Your Method is Perfect - Here's Why:

You correctly identified that \(d\) must be at least \(6\) (since minimum sum = \(1+2+3=6\)) and at most \(9\) (single digit limit). This systematic case analysis is exactly right!

Systematic Framework to Ensure Completeness:

Step 1: Determine the range of \(d\)
- Minimum: \(1+2+3=6\) ✓
- Maximum: \(9\) (single digit) ✓
- Therefore: \(d \in \{6, 7, 8, 9\}\)

Step 2: For each value of \(d\), find partitions
Here's the systematic way to ensure you don't miss combinations:

For \(d=6\): Need three distinct digits summing to \(6\)
- Start with smallest: \(\{1,2,?\}\) → \(?=3\) → \(\{1,2,3\}\) ✓
- Try next: \(\{1,3,?\}\) → \(?=2\) (already used) ✗
- Count: \(1\) combination × \(3!=6\) arrangements = \(6\)

For \(d=7\): Need three distinct digits summing to \(7\)
- \(\{1,2,?\}\) → \(?=4\) → \(\{1,2,4\}\) ✓
- \(\{1,3,?\}\) → \(?=3\) (duplicate) ✗
- Count: \(1\) combination × \(3!=6\) arrangements = \(6\)

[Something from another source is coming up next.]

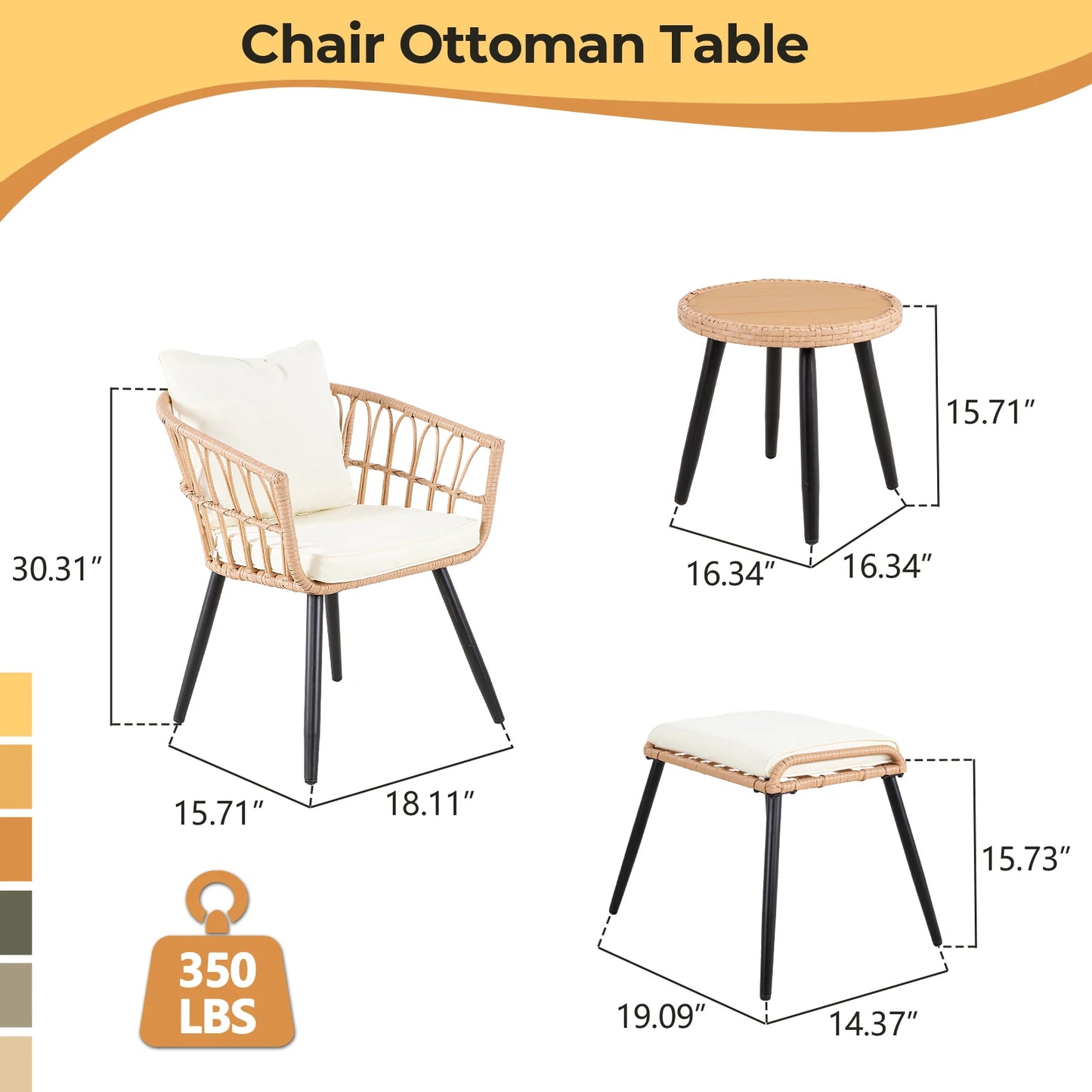 5 PiecePE Rattan Patio Furniture Set, Wicker Bistro Set, All-Weather Chairs, Ottoman & Coffee Table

For \(d=8\): Need three distinct digits summing to \(8\)
- \(\{1,2,?\}\) → \(?=5\) → \(\{1,2,5\}\) ✓
- \(\{1,3,?\}\) → \(?=4\) → \(\{1,3,4\}\) ✓
- \(\{2,3,?\}\) → \(?=3\) (duplicate) ✗
- Count: \(2\) combinations × \(3!=6\) arrangements = \(12\)

For \(d=9\): Need three distinct digits summing to \(9\)
- \(\{1,2,?\}\) → \(?=6\) → \(\{1,2,6\}\) ✓
- \(\{1,3,?\}\) → \(?=5\) → \(\{1,3,5\}\) ✓
- \(\{1,4,?\}\) → \(?=4\) (duplicate) ✗
- \(\{2,3,?\}\) → \(?=4\) → \(\{2,3,4\}\) ✓
- Count: \(3\) combinations × \(3!=6\) arrangements = \(18\)

Total: \(6+6+12+18=42\)

Quick Verification Technique:
To be absolutely sure you haven't missed combinations, use this checklist:
  1. For each \(d\), start with smallest possible first digit (\(1\))
  2. Systematically increase the second digit
  3. Calculate the required third digit
  4. Check if all three are distinct and valid (\(1-9\))

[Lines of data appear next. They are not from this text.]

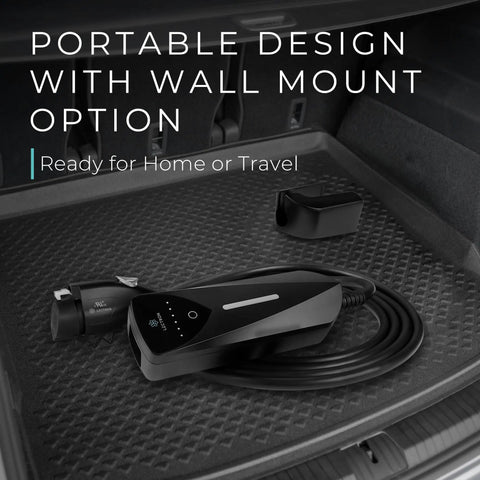 Dual Level Portable EV Charger For J1772 Vehicles 8-40A Output on car trunk liner, with NEMA plugs, wall mount option.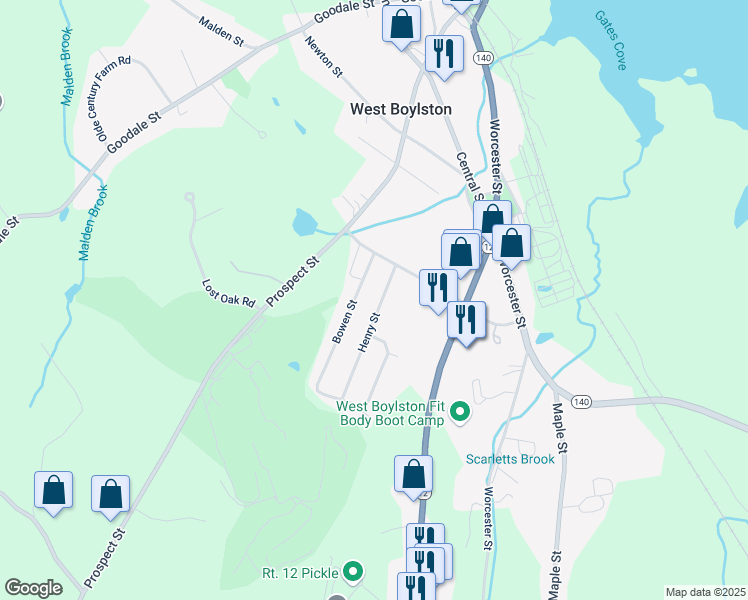 map of restaurants, bars, coffee shops, grocery stores, and more near 30 Henry Street in West Boylston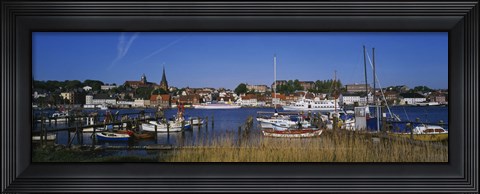 Framed Boats docked at the harbor, Flensburg Harbor, Munsterland, Germany Print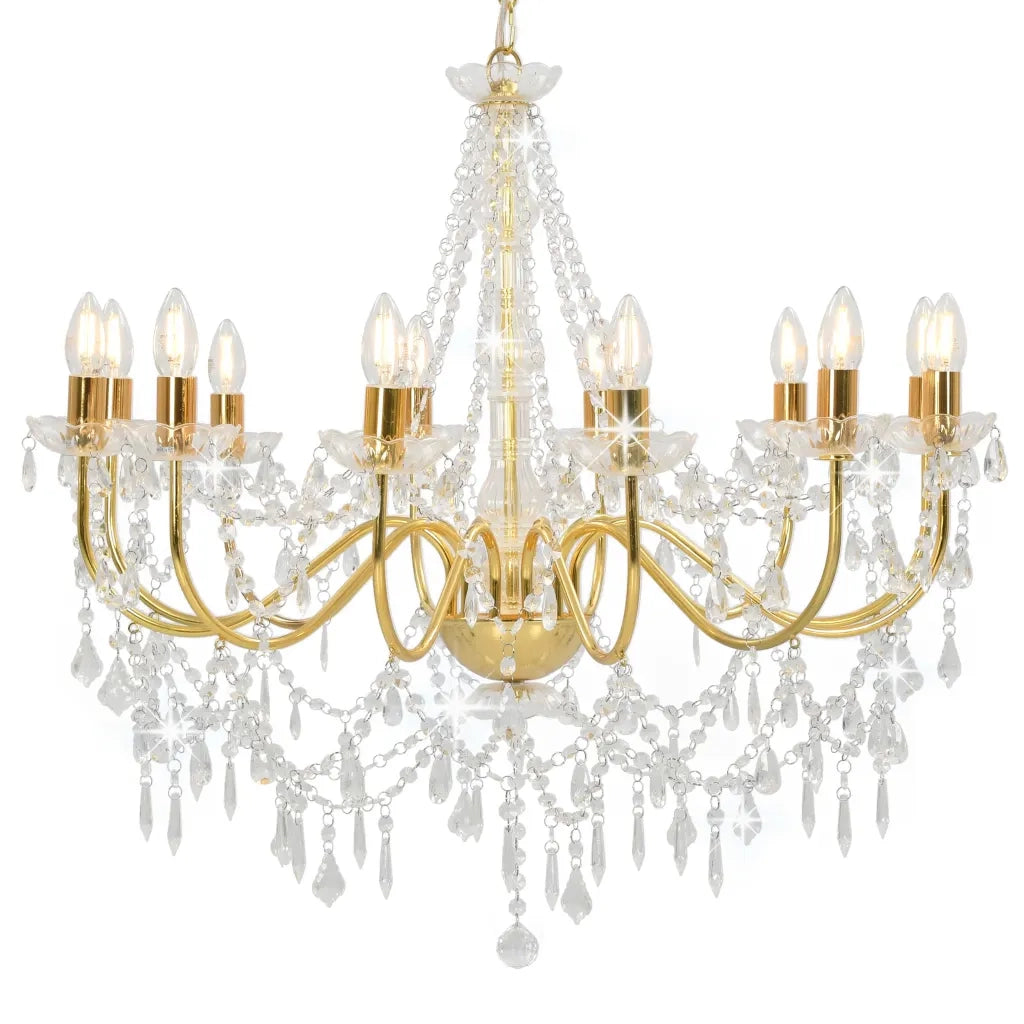 Lampadario dal design antico con perline 80 x 75 cm elegante effetto luminoso in metallo color oro 02_0046417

Why There's No "Magic Formula":
For partition problems like this, case-by-case IS the systematic approach. The key is being methodical (like you were!) rather than looking for a shortcut that doesn't exist.

Time-Saving Tip:
Once you find the combinations for each \(d\), you know each gives \(3!=6\) arrangements. So you can quickly write:
- \(d=6\): \(1\) combo
- \(d=7\): \(1\) combo
- \(d=8\): \(2\) combos
- \(d=9\): \(3\) combos
- Total: \((1+1+2+3) \times 6 = 42\)

Your solution was perfect - trust your systematic approach! The only thing you needed was confidence that you covered all cases, which you absolutely did.

You can practice similar combinatorics problems here. Look for counting and partition questions to build confidence with this systematic case-by-case method.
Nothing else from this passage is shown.